## Exercise aim
Could you transcribe the entries below exactly, starting at the line that contains "Burberry 1441 (2)" and stopping at the last line, without any pictures?

· · · · · · ·

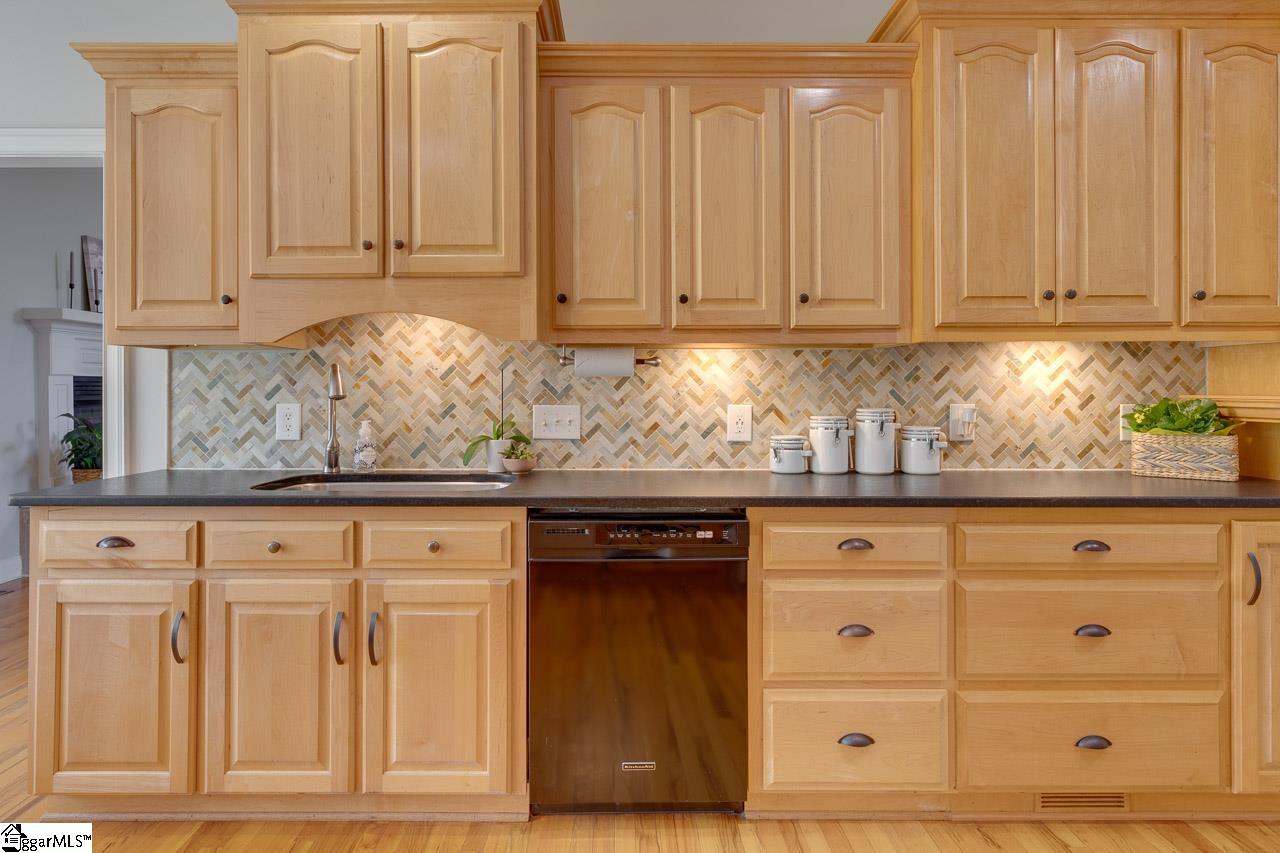205 West McElhaney Road Taylors, SC 29687 - Photo 11 of 36 Gallery Image 11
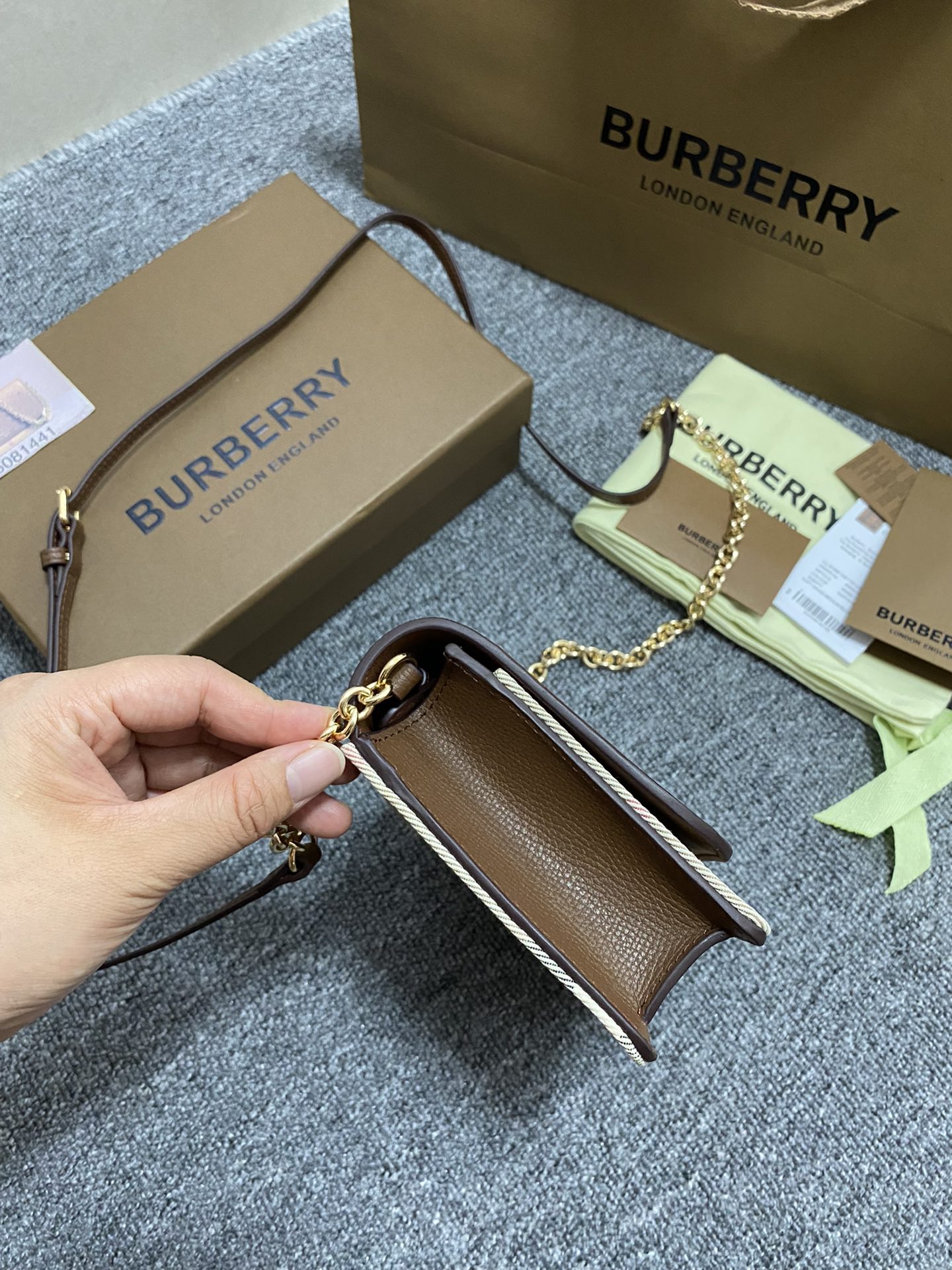 Burberry 1441 (2)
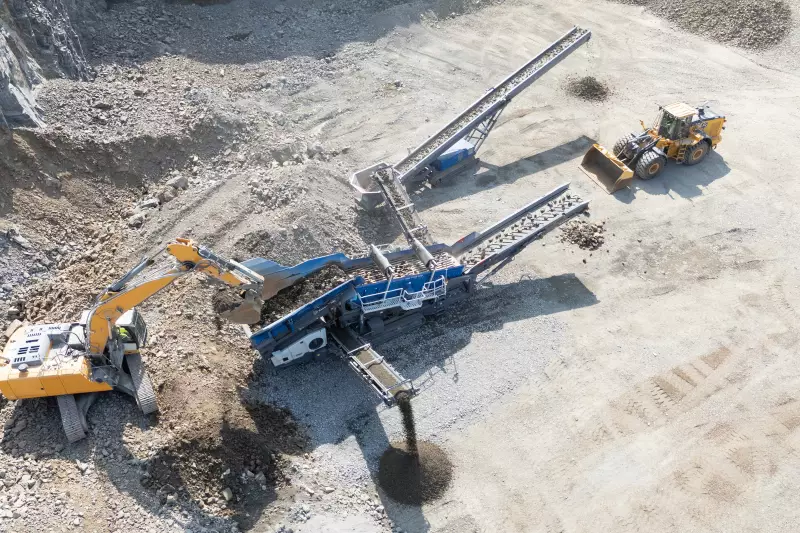 Marktpremiere: Mit der MOBISCREEN MSS 1102 PRO erweitert Kleemann sein Portfolio an mobilen Grobstücksiebanlagen oberhalb der etablierten MOBISCREEN MSS 802 EVO.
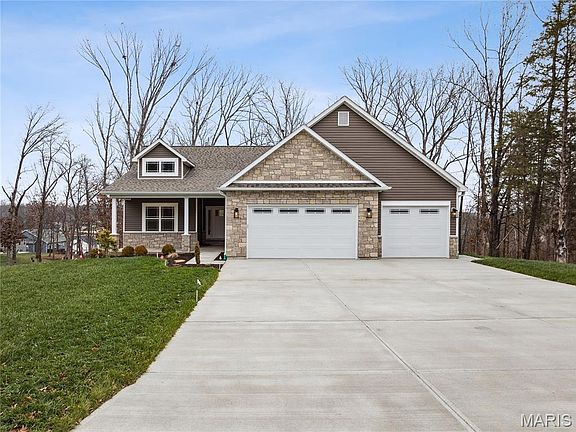 2nd image of 442 Shady Trail Dr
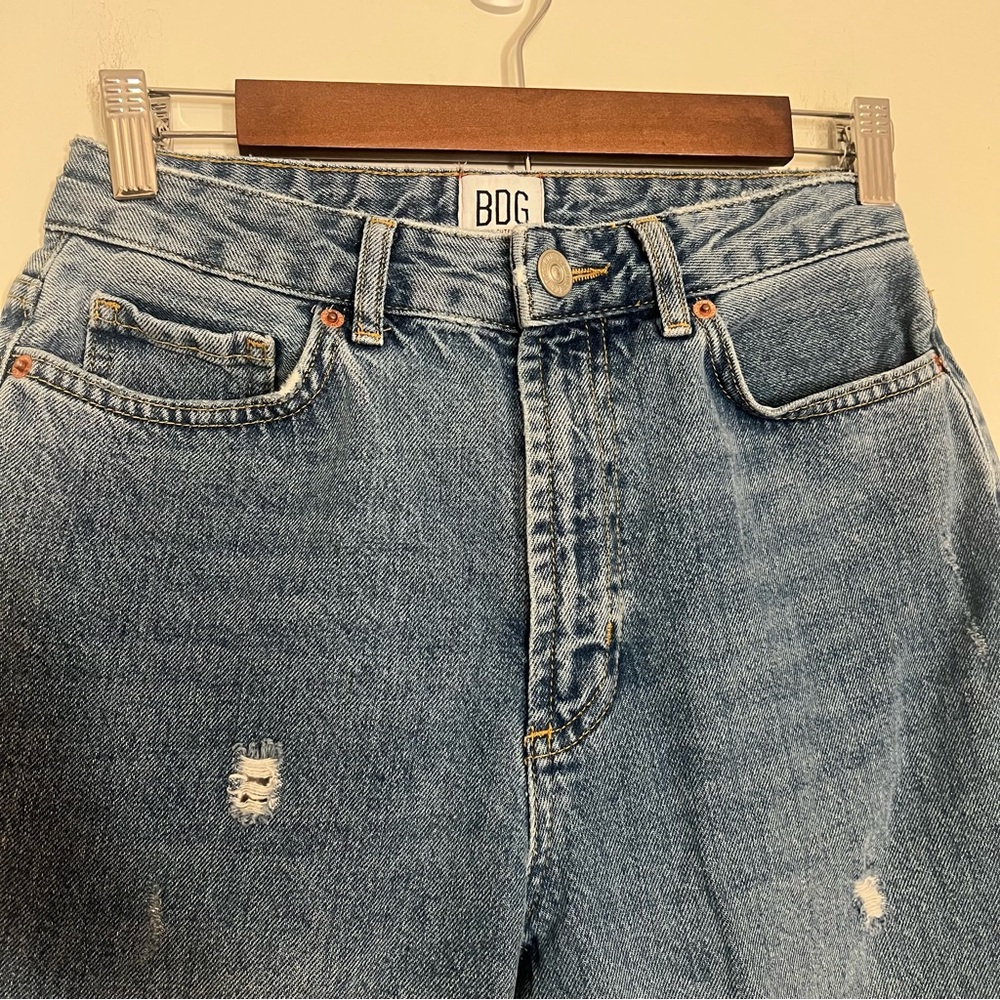 BDG Urban Outfitters Mom High Rise Jeans Size 26 - Picture 9 of 10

· · · · · · ·

## Response
 Burberry 1441 (2)
 Marktpremiere: Mit der MOBISCREEN MSS 1102 PRO erweitert Kleemann sein Portfolio an mobilen Grobstücksiebanlagen oberhalb der etablierten MOBISCREEN MSS 802 EVO.
 2nd image of 442 Shady Trail Dr
 BDG Urban Outfitters Mom High Rise Jeans Size 26 - Picture 9 of 10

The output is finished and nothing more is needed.